Estaban sentados en la moqueta, alrededor de la cama. Ellos también se sentían muy cansados. Sonia dormía, pero su mano, con los dedos crispados sobre un rotulador, seguía escribiendo en las sábanas, cubriendo la tela de ecuaciones incomprensibles.
—Aunque parezca mentira —se lamentó Dudley—, al final va a dar con el secreto del motor de agua.
Peggy Sue no respondió. Estaba horrorizada del estado de Sonia Lewine. Su amiga debía de haber perdido diez kilos a lo largo de la tarde. La prodigiosa actividad cerebral de la que era víctima se había nutrido de su cuerpo, tomando el combustible que necesitaba de donde podía.
—Su organismo está al borde del agotamiento, pero su cerebro no disminuye la actividad —dijo resoplando—. Sigue calculando mientras duerme. Es como si estuviera sonámbula.
—¡Una sonámbula que aprobaría los exámenes de ingeniería nuclear! —rio burlonamente Mike para ocultar su miedo.
Al rotulador se le había agotado la tinta, pero Sonia continuaba escribiendo en la sábana sin darse cuenta de que sus trazos se quedaban en nada.

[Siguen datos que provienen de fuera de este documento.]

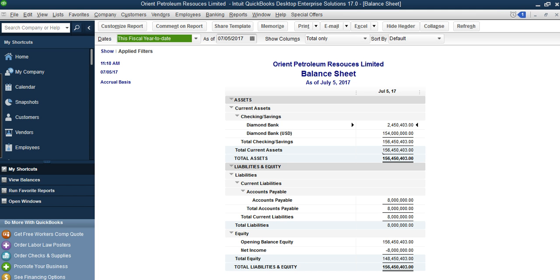QuickBooks will report this properly. As you enter transactions and exchange rates, the system will compare the rates and calculate the effect of exchange rate gain or loss and unrealized gain or loss automatically. It will hit your Profit and Loss account. Exchange rate gain/loss is a P&L item; unrealized gain or loss is also a Profit and Loss item.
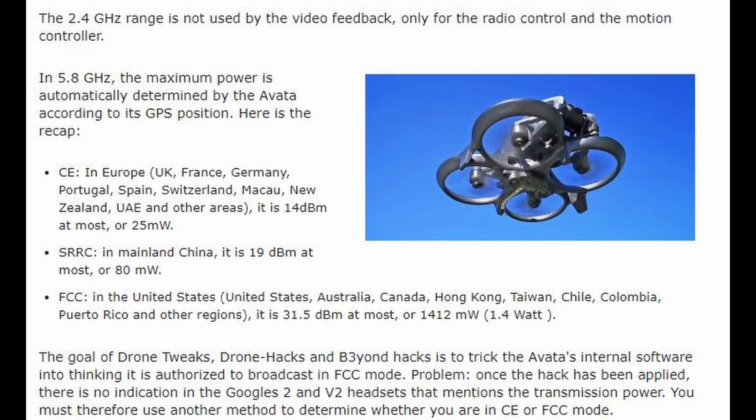The goal of Drone Twix, Drone X, and Beyond is to trick the Avatar's internal software into thinking it's authorized to broadcast in FCC mode. Once the hack has been applied, there is no indication in the Goggles 2 and V2 headsets that mentions the transmission power. You must therefore use another method to determine whether you are in CE or FCC mode.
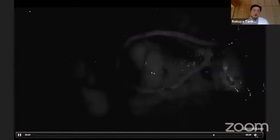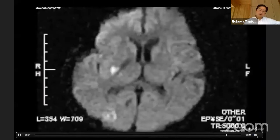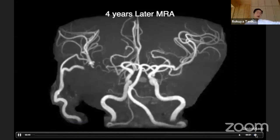One branch of the STA is anastomosed to the superior trunk of M2, and another branch to the inferior trunk. In this case, both branches of M2 are saved by a double-barrel bypass. High signal appeared in the basal ganglia, but the patient recovered. This is a four-year follow-up MRA showing the STA grew bigger and ICA is feeding the PCA and A1.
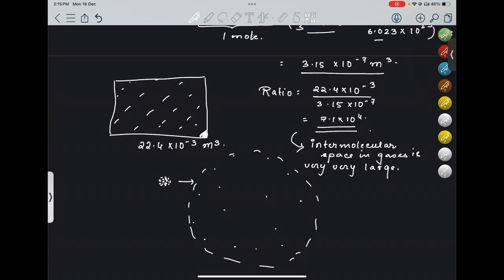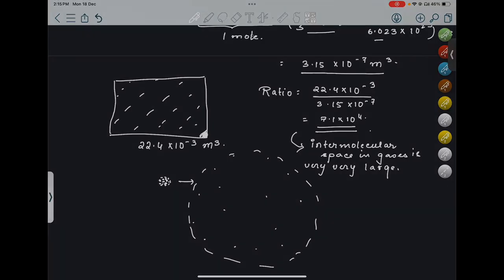I hope you have understood why the intermolecular space in gases is so large. That's all for today. In the next class, we will be practicing a lot of numericals. Thank you so much — see you in the next class.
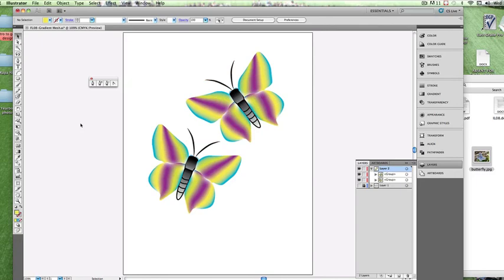That's using the Gradient Mesh tool and being able to trace from a photograph. That's it for this episode. Hope you enjoyed it and we'll catch you on the next one.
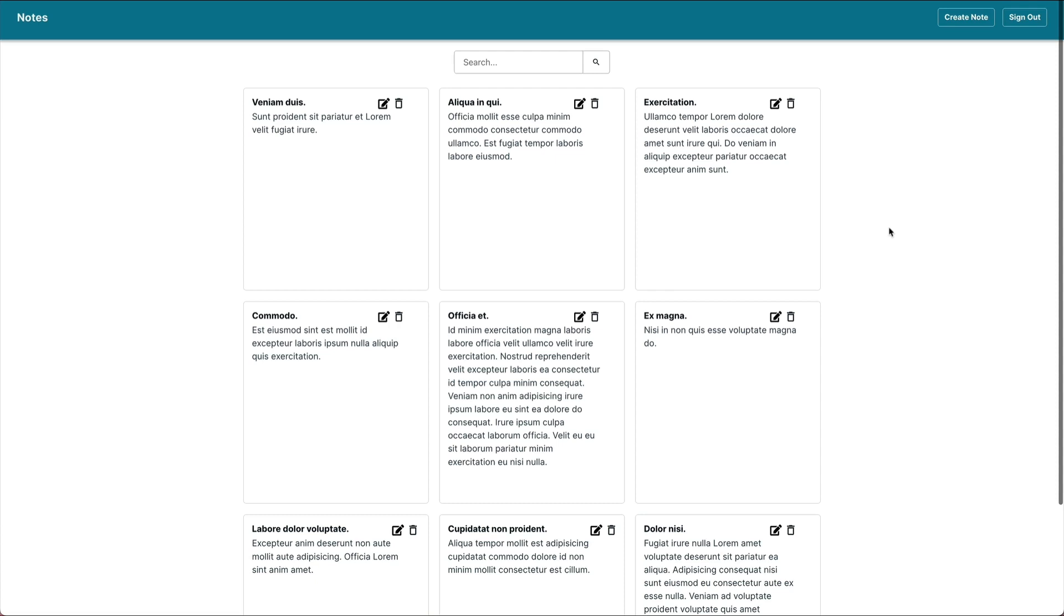AWS Amplify Studio has a lot of code generation functionality that speeds up development time, however it's built for developers so being able to override all the generated code is critical. We'll use overrides in order to extend the functionality of our components.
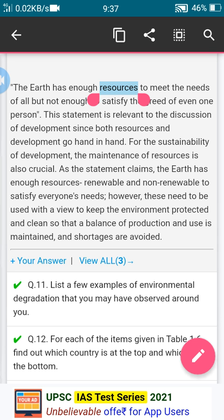So a balance of production and use must be maintained and shortages are avoided. That is the answer for the 10th question. Now let's move to the 11th question: list a few examples of environmental degradation that you may have observed around you.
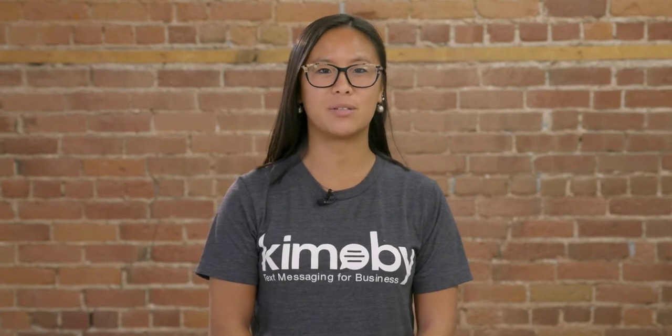Hi, my name is Catherine from the product marketing team at Kimobi. Our appointments feature allows you to schedule and automate appointment reminders and confirmation responses through text messages.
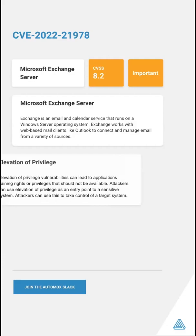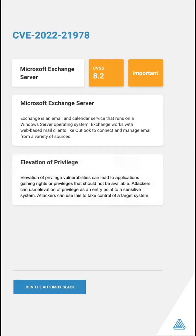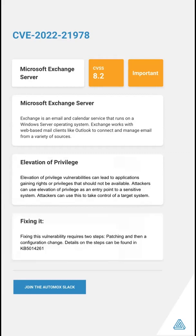This vulnerability allows an elevation of privilege. Elevation of privilege allows an attacker to elevate the privilege of a target user or application and allows the attacker to take control of a system or use it as an entry point for sensitive systems.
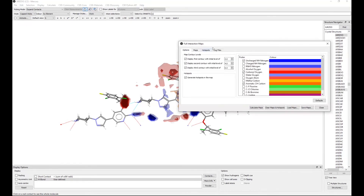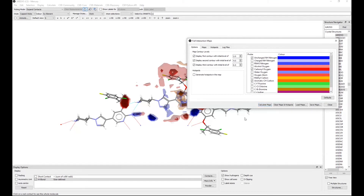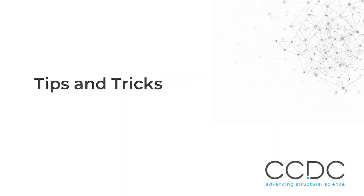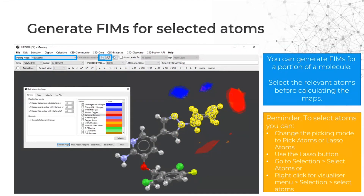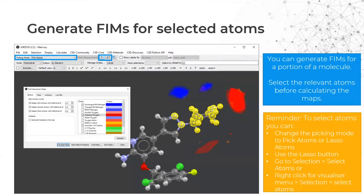It is very easy to generate full interaction maps, and they make really quite striking visuals. The first tip is that you can generate a map for a portion of a molecule — just select the relevant atoms before calculating the map. There are several ways to select atoms in Mercury: changing the picking mode on the top left, using the lasso, the selection menu, or right-clicking in the visualization window. This is useful if you are interested in just a particular part of a molecule or if there are multiple components in the unit cell.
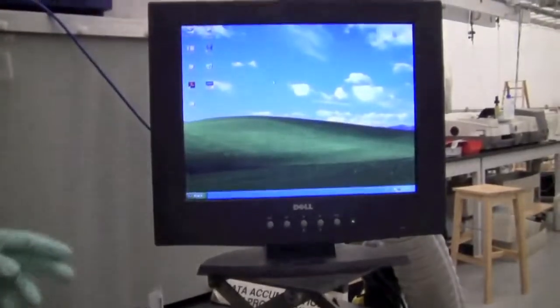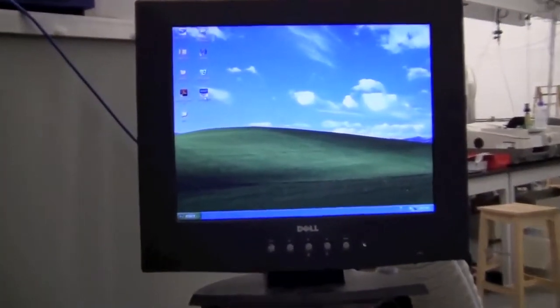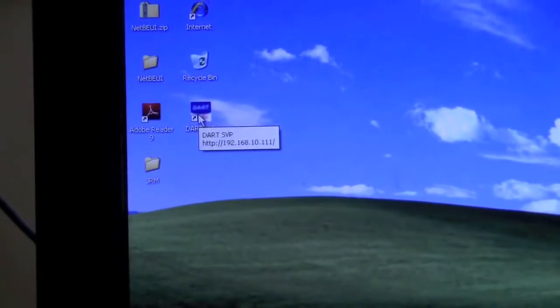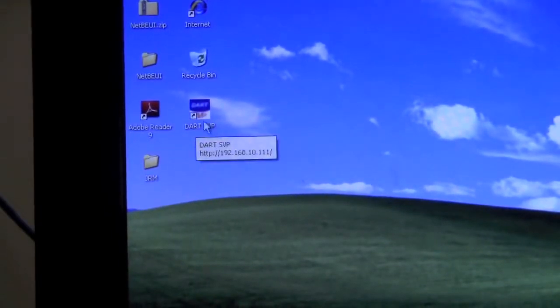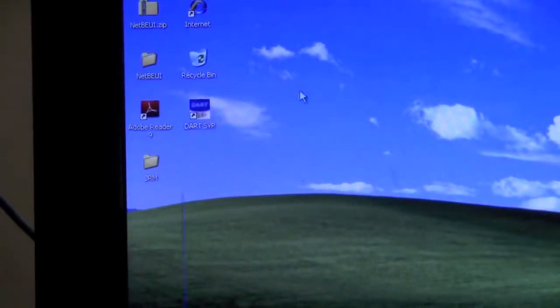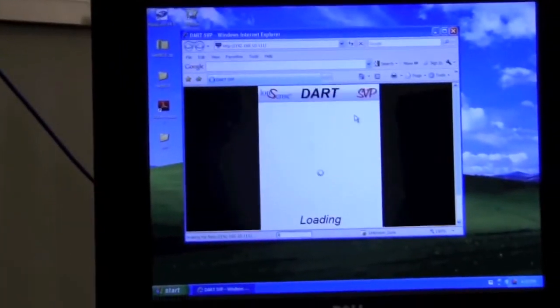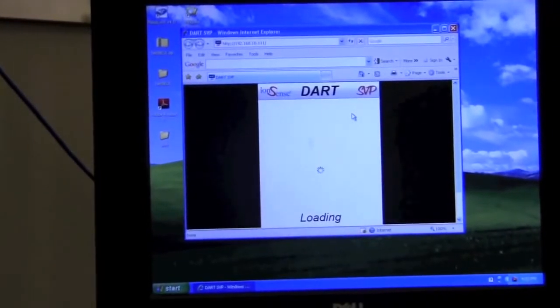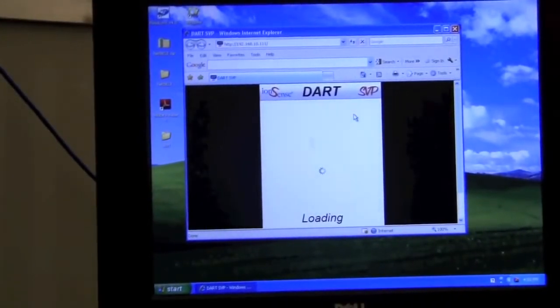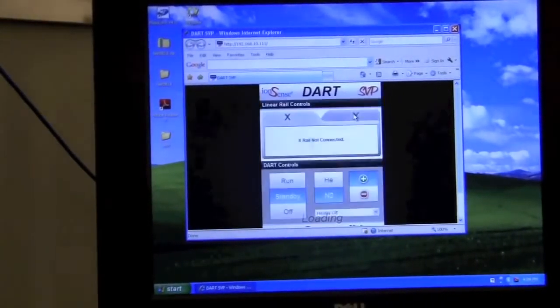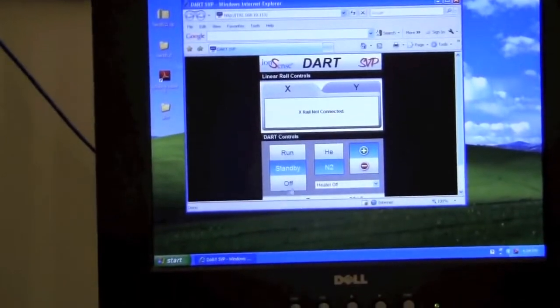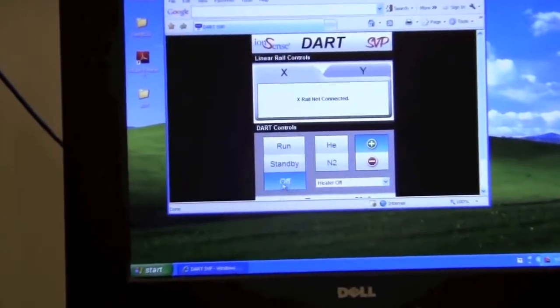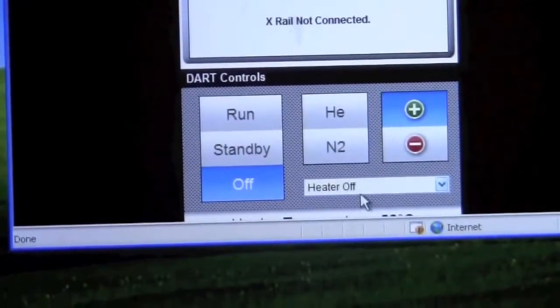The first thing you want to do is to open the DART page to get the DART source started. So double-click on the DART SVP link. It will open up a web page which will show the status of the DART source. When it's not in use, it should be off with the heater off.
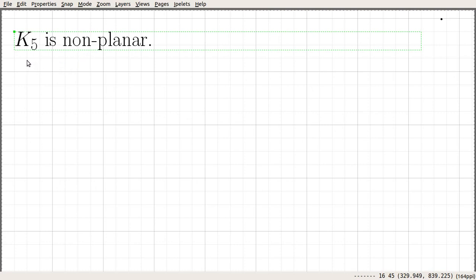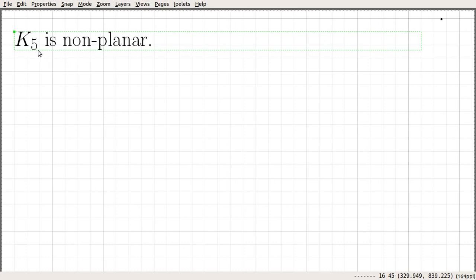In this video we show that K5 is non-planar using a very simple argument. This kind of argument can be used to show that some simple graphs are non-planar. In a later video we will prove that K5 is non-planar in a very different way. Here we will discuss one similar argument to show that K5 is non-planar.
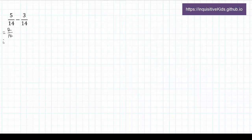2 over 14 can be simplified as 1 over 7. The answer to 5 over 14 minus 3 over 14 is 1 seventh.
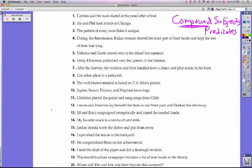Let's look at number one: Carmen and her aunt skated at the pond after school. This sentence has the subject Carmen and her aunt — this is a compound subject because we have two different subjects being talked about. What did they do? They skated at the pond after school. Skated at the pond after school is not a compound predicate, so this sentence only has a compound subject.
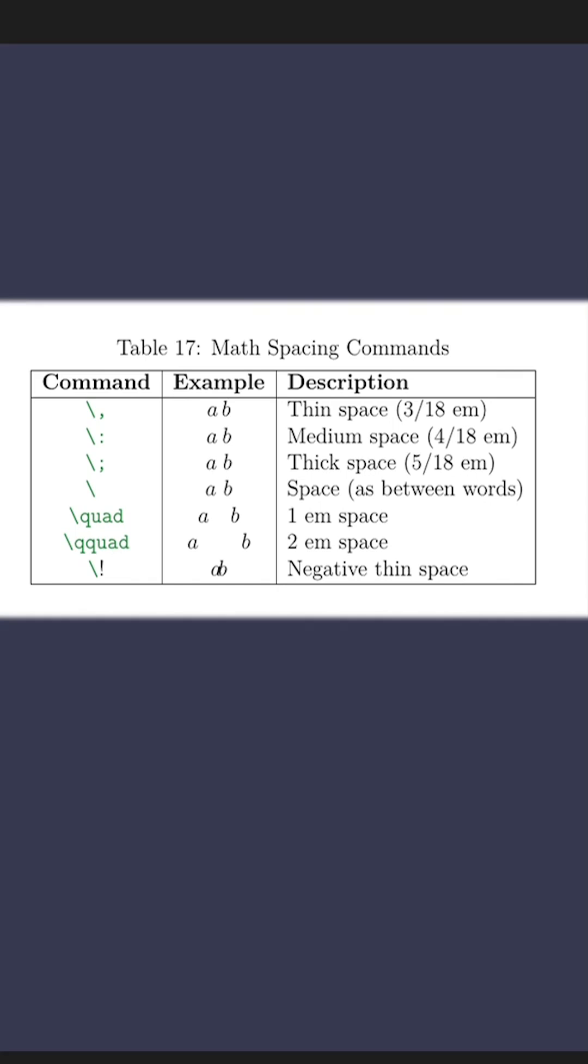If we want to add space to our math equation in LaTeX, we can use one of the math spacing commands. There are different commands such as backslash comma, backslash colon, backslash semicolon, which all add varying amounts of space. So backslash comma adds a very thin space, and then this table is an order of increasing space.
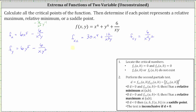We also need the second-order partial with respect to y, which means differentiating f_y with respect to y again. Writing the second term as negative six divided by x times y to the power of negative two, we get 30y to the fourth plus 12 divided by x y cubed.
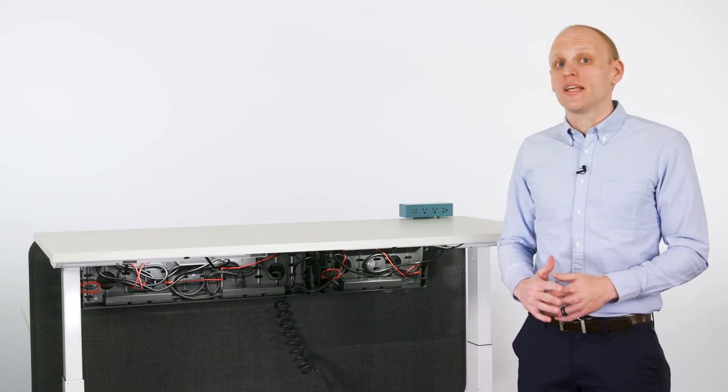The Steelcase Universal Cable Management Kit allows every work surface to feel thoughtfully planned, neat and tidy.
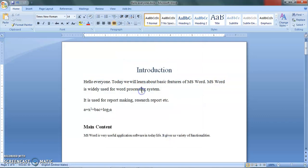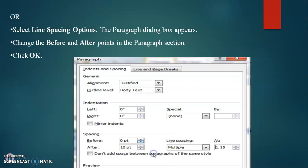By adding this spacing, a reader can easily identify the title, first paragraph, and other sections of the document, making it much easier to read. We can modify the spacing as needed. In the next session, we will discuss some practice questions on paragraphs and then proceed to the next topic of MS Word. I hope today's session was very interesting and useful.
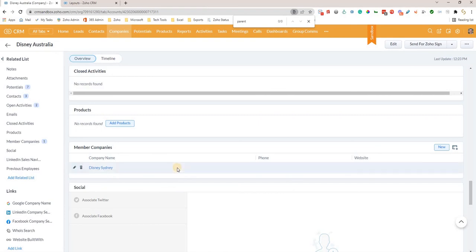So that's how you can establish the relationship between a parent and a child company in your CRM. That will make your data more accurate and it will help your team if you're working with bigger companies. I hope that's been useful for you, and I'll speak to you next time.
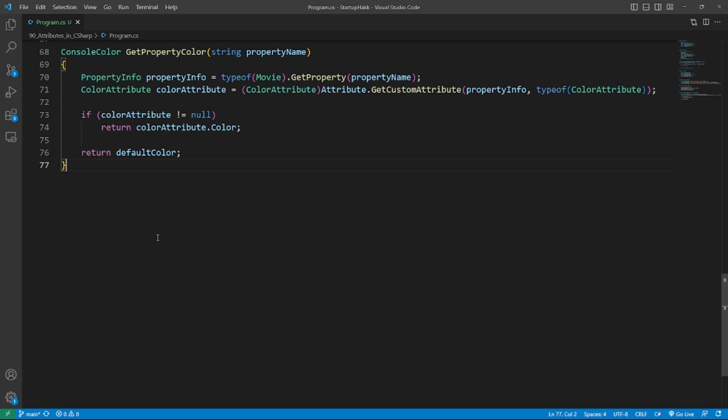If the attribute is found, the color is sent back, otherwise a default color which will be set before showing the movies will be returned. So this is how the whole program.cs class looks like.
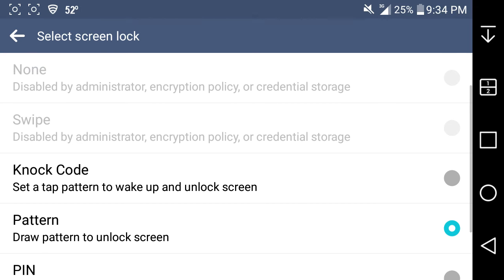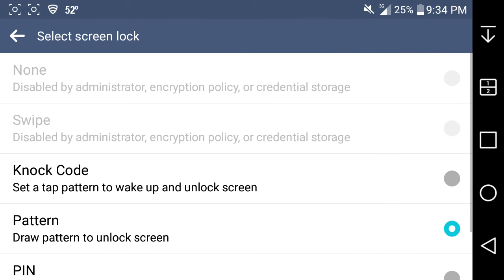It says 'Swipe disabled by administrator, encryption policy, or credential storage.' I tried everything I could to get it back but I can't. I tried clearing the credential storage — didn't do anything. I tried changing the device administrator settings, tried to decrypt my device — didn't work. I was wondering if you all could help me out.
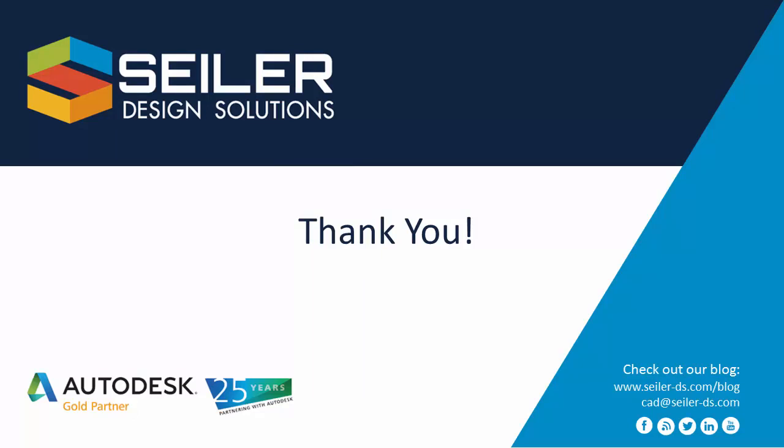If you have any questions, please feel free to email me at mchenesk at siler-ds.com. Please also don't forget to check out our blog at www.siler-ds.com/blog. Thank you for watching.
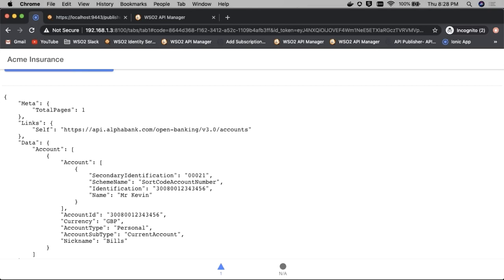The patient has the capability to look at these permissions and authorize or deny them for the insurance application. If they authorize, the insurance application has access to this data. The patient management system also has a reference of the consent provided. The insurance application can then talk to the patient management system with this consent ID and retrieve the different account data of the specific patient. Over to you, Vidura.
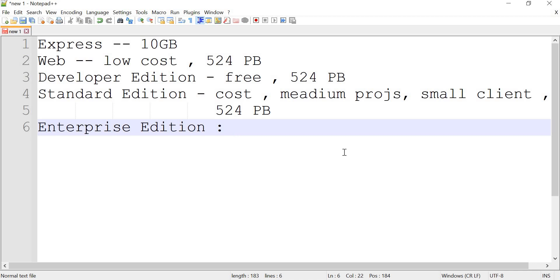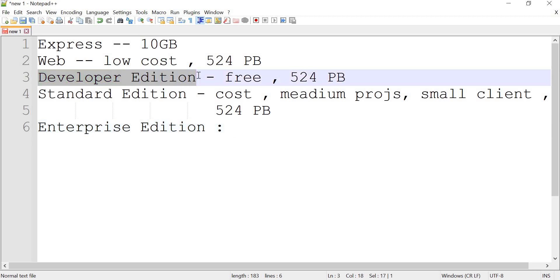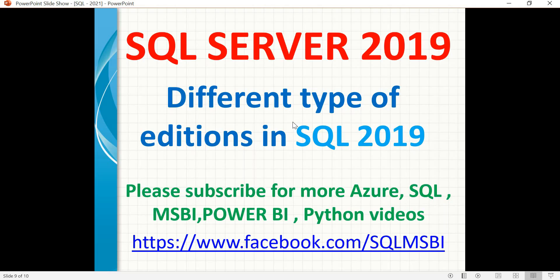These are all the editions of SQL Server. While designing or planning for a project, you need to see which edition is suitable for your application. For production, you cannot go with Developer or Express edition. So you need to decide between Web, Standard, and Enterprise — and most people go with Standard and Enterprise only. Query performance also varies based on the edition. If you have any questions on SQL Server, please drop your question in the comment section.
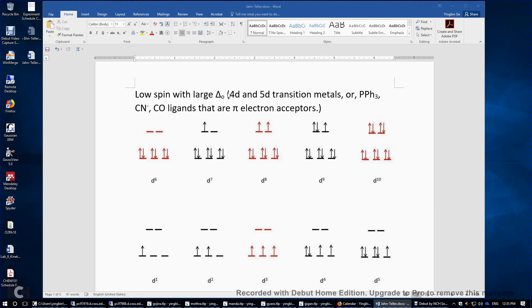This again causes strong interaction between the transition metal and the ligands, giving large delta O. When we have large delta O, the energy difference between the two degenerate EG orbitals is much higher than the bottom three T2G orbitals. On top, they are DX²-Y² and DZ²; on the bottom, you have DXY, DYZ, and DXZ.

Por fin, alrededor de la medianoche, dejó de mover la mano. Los tres amigos intercambiaron una mirada. Peggy Sue Se inclinó Sobre Sonia para comprobar que seguía respirando.
—Está dormida —dijo con poca firmeza en la voz—. Ya está, a su cerebro se le ha agotado la reserva de energía.
—¡Por fin! —dijo Dudley resoplando—. Menos mal que has tenido la ocurrencia de lo del motor de agua, si no creo que estaría muerta.
«Es muy posible», pensó Peggy mientras se ponía de pie.
Bajaron los tres la escalera en silencio.
—Nuestros padres estarán buscándonos por todas partes —dijo Mike sobresaltándose—. Había perdido completamente la noción del tiempo. ¡Menuda charla me espera!
Se separaron, sabiendo que no tenían ninguna coartada verosímil para explicar su retraso.